Write a Novel in a Year
They say there’s a novel in all of us. Certainly getting your life from where it started to where it is now, wherever that may be, has been a journey of sorts and much of what you’ve seen, done and learned might not be out of place in a novel.
But getting the ideas out of your head and on to a page, or into a computer, isn’t as straightforward as some would-be writers believe. Even thinking about it can be intimidating. A novel may only start with a word, as illustrated above, but getting started is probably hardest of all. Remember the problems Jack Nicholson had in The Shining, pictured above left?
But after listening to those who been part of my creative writing courses over the last ten years or so, and reading some of the superb work they produced, I decided to take the plunge and offer, through the WEA, an opportunity for anybody to write a novel in 12 months.
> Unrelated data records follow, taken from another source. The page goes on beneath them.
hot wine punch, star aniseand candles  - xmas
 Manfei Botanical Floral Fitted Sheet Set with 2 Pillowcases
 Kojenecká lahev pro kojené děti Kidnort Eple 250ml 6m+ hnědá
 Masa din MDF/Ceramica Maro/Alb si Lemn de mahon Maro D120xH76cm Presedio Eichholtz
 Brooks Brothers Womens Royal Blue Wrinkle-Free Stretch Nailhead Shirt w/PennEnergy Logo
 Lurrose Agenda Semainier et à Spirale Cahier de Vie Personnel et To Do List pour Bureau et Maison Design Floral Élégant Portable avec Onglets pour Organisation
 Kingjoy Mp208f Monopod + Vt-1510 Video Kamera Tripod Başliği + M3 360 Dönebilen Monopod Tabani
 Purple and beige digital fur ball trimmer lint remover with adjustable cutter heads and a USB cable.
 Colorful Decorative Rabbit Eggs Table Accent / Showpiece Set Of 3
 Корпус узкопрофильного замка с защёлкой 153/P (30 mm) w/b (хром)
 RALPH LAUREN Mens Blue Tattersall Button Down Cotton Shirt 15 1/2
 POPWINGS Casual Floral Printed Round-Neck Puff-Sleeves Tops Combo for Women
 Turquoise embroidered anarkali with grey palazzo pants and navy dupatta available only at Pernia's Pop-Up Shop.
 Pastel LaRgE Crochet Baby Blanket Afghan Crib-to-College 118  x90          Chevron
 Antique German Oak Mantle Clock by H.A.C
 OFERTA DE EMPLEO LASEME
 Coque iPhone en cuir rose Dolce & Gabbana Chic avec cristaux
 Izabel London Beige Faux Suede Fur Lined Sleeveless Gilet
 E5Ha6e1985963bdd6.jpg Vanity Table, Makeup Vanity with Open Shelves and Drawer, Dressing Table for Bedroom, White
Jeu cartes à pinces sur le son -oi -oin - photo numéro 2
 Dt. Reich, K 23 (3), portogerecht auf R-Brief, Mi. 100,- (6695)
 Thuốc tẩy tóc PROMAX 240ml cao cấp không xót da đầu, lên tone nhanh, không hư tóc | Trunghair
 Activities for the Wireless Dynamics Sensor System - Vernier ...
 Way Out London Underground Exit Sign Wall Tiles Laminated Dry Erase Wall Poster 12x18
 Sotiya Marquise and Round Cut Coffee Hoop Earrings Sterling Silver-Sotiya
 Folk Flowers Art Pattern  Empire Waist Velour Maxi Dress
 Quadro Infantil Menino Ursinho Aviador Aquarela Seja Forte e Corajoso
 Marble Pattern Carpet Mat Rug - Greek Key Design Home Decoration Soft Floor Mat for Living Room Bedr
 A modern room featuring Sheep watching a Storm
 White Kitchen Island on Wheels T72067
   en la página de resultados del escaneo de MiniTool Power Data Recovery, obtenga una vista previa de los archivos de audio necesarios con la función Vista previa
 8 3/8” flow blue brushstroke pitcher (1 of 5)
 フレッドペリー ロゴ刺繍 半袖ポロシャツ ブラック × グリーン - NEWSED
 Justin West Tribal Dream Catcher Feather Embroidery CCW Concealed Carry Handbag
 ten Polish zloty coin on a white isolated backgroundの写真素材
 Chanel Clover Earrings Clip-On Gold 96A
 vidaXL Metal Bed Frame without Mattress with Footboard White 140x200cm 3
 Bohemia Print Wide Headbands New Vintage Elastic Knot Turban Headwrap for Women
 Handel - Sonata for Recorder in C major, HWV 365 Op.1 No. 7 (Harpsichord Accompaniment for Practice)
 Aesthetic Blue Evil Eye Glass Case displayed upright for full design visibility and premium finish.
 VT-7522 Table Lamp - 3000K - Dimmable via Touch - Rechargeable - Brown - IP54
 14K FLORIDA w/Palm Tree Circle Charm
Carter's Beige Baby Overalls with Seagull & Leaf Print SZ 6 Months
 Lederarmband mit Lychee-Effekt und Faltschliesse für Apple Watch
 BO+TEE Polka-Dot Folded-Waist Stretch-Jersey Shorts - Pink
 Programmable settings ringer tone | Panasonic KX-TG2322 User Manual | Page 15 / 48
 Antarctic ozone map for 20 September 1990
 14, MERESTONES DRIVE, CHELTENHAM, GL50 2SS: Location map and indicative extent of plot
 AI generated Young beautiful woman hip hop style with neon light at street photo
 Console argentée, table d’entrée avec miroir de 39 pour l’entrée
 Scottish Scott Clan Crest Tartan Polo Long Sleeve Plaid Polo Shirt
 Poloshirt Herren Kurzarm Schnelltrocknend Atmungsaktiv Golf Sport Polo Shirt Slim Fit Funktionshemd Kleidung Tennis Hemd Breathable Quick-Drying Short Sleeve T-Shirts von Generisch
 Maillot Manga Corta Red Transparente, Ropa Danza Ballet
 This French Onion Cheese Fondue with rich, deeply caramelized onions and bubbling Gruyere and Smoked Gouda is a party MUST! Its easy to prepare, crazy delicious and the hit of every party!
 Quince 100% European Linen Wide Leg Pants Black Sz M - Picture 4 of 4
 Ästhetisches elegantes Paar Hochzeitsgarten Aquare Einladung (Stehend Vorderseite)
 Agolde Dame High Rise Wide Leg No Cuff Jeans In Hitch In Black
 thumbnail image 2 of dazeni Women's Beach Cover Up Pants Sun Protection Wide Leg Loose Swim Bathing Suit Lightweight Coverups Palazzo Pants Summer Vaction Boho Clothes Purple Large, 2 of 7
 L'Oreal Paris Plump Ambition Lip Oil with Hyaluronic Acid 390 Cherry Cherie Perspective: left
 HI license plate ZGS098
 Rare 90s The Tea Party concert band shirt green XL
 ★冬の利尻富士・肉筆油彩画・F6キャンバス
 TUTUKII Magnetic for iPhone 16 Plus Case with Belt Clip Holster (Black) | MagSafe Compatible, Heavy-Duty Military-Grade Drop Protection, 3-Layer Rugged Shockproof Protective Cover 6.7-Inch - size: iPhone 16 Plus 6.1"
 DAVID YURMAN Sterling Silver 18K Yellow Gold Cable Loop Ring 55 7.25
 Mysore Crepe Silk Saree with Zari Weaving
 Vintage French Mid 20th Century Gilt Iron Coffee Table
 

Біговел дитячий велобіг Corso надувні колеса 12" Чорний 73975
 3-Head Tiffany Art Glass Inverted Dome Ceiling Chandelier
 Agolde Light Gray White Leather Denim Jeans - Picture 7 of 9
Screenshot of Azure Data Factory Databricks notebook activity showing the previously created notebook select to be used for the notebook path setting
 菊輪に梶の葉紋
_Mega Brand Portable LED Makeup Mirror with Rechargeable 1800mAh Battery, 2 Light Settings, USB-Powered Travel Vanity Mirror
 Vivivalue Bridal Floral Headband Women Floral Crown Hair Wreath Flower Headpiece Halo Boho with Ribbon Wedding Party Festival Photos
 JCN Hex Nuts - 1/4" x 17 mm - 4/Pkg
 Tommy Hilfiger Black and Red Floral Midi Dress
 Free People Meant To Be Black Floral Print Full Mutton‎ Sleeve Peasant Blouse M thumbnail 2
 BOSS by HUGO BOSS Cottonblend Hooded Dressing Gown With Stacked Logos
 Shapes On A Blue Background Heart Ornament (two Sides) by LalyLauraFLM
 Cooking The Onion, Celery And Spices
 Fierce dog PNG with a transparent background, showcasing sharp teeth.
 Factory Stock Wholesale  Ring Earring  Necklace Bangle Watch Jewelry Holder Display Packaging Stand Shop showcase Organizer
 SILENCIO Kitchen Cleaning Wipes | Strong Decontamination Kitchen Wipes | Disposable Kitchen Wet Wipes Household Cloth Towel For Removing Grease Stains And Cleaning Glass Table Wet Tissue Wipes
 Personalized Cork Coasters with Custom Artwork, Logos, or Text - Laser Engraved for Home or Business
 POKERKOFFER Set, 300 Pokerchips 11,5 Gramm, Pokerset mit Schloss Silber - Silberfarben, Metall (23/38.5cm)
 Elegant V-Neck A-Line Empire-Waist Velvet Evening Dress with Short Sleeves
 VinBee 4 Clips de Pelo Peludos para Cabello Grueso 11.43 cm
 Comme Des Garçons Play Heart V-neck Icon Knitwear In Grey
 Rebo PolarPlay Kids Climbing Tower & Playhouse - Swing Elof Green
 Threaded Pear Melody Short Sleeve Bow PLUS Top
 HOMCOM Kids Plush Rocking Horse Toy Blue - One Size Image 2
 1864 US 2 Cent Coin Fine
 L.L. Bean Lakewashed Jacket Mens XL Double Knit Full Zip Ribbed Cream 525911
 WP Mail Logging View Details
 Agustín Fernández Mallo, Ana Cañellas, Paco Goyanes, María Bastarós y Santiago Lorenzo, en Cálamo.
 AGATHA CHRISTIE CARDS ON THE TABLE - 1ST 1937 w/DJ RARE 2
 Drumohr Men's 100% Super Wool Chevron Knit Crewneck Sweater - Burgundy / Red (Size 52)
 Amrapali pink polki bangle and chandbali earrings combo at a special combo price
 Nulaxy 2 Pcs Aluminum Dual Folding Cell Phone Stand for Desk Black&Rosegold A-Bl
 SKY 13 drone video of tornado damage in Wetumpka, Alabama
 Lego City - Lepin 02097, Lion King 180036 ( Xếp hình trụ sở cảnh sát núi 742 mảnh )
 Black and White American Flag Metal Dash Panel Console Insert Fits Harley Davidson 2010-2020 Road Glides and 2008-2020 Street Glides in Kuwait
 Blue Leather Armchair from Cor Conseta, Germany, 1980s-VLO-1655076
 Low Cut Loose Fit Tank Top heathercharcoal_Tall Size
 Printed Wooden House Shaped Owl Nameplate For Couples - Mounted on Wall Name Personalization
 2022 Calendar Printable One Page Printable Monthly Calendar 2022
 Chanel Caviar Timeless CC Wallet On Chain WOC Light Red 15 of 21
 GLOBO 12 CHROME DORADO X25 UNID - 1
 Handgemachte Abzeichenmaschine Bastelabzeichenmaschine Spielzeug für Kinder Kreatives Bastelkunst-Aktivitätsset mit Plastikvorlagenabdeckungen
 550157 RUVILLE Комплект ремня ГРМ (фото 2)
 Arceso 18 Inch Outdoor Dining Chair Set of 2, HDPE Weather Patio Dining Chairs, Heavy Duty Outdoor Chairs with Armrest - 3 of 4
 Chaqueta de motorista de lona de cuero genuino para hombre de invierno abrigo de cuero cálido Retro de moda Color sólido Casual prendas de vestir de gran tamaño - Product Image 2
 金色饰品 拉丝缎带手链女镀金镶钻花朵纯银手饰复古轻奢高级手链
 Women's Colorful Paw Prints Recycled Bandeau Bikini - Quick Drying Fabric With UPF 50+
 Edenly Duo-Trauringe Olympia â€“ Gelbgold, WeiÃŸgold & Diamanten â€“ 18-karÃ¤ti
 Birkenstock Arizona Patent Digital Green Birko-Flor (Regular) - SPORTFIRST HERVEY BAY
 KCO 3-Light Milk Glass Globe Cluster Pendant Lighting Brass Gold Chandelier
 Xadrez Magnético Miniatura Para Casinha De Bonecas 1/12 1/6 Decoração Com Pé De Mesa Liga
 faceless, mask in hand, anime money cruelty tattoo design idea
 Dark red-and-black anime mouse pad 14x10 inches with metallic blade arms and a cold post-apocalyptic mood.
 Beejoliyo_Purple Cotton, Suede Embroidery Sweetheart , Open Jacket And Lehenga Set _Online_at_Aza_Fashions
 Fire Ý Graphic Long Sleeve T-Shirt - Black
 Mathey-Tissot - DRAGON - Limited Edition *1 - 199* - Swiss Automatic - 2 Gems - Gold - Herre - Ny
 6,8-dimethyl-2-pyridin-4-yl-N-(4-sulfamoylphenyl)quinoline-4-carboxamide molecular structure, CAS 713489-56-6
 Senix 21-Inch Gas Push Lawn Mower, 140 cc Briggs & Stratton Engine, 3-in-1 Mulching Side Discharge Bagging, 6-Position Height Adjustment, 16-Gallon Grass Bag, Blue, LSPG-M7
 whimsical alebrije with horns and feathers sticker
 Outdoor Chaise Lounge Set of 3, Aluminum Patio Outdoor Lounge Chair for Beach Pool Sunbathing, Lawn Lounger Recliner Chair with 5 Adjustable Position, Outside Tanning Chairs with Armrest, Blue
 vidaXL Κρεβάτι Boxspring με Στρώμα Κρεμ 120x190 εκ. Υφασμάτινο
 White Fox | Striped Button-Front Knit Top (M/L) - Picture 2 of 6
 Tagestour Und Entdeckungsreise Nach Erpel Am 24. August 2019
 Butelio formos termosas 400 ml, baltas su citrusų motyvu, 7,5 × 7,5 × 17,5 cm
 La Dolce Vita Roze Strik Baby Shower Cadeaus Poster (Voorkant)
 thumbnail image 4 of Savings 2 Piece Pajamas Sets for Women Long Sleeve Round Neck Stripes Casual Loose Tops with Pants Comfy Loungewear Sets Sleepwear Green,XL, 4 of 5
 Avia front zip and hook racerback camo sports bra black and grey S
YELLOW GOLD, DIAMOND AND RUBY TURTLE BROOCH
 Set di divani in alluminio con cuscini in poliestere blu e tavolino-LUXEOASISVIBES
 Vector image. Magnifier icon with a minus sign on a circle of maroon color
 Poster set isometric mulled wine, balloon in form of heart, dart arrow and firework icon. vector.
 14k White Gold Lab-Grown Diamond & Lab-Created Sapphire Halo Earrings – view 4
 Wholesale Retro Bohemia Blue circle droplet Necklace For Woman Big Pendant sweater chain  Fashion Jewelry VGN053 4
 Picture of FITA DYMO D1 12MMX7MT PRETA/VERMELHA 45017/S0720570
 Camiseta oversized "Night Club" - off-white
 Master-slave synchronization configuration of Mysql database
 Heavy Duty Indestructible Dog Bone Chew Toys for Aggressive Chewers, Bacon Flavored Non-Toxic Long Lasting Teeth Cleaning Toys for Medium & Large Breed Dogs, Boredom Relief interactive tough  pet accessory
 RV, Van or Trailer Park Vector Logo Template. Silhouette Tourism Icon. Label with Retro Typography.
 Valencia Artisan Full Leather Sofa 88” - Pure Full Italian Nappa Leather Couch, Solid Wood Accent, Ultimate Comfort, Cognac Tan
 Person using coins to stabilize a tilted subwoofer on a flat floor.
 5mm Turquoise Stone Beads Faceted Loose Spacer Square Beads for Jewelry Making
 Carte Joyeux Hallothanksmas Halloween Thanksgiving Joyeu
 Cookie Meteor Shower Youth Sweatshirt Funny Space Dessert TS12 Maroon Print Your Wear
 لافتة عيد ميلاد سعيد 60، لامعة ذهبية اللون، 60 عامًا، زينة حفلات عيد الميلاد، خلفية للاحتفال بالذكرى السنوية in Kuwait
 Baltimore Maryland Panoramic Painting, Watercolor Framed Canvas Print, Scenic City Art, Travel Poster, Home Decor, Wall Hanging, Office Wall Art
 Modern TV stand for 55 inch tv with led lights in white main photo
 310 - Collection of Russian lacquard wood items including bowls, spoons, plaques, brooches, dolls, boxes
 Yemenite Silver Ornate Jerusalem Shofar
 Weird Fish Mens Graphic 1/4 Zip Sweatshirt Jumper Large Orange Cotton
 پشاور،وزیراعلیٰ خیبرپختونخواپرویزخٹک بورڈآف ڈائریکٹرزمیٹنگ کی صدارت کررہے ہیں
Those taking part didn’t even need to get out of bed. This was because the lessons were delivered on-line in weekly, two-hour sessions. You didn’t even need to be in the UK, only somewhere on the planet with Broadband.
You didn’t need any qualifications, a degree or GCSE English. You didn’t need to know about grammar or be a good speller. All the participants needed to do was turn on their computer, access the Internet and download some free software called Zoom. This is like Skype or FaceTime in that they could see me, I could see them and we could talk to each other.
Back-up material was posted each week which was downloadable from a private, but dedicated website along with reading suggestions. The numbers on the course were limited.
There were four different courses ranging from planning to editing. There was a free taster session at the beginning of April followed by a six-week course covering planning and research. A follow-up, five-week course began on 13 June and there was a day-long workshop in August. The next course began in October, the last is scheduled for February 2019.
We started with 25 enthusiastic, would-be novelists, but predictably the numbers fell away as life got in the way. For some, the venture was highly appealing, but once they got going it proved more overwhelming than they believed possible.
Five have stuck at it. Their ideas are all workable and I have high hopes that they will all complete workmanlike drafts that have an even chance in the tough world of publishing.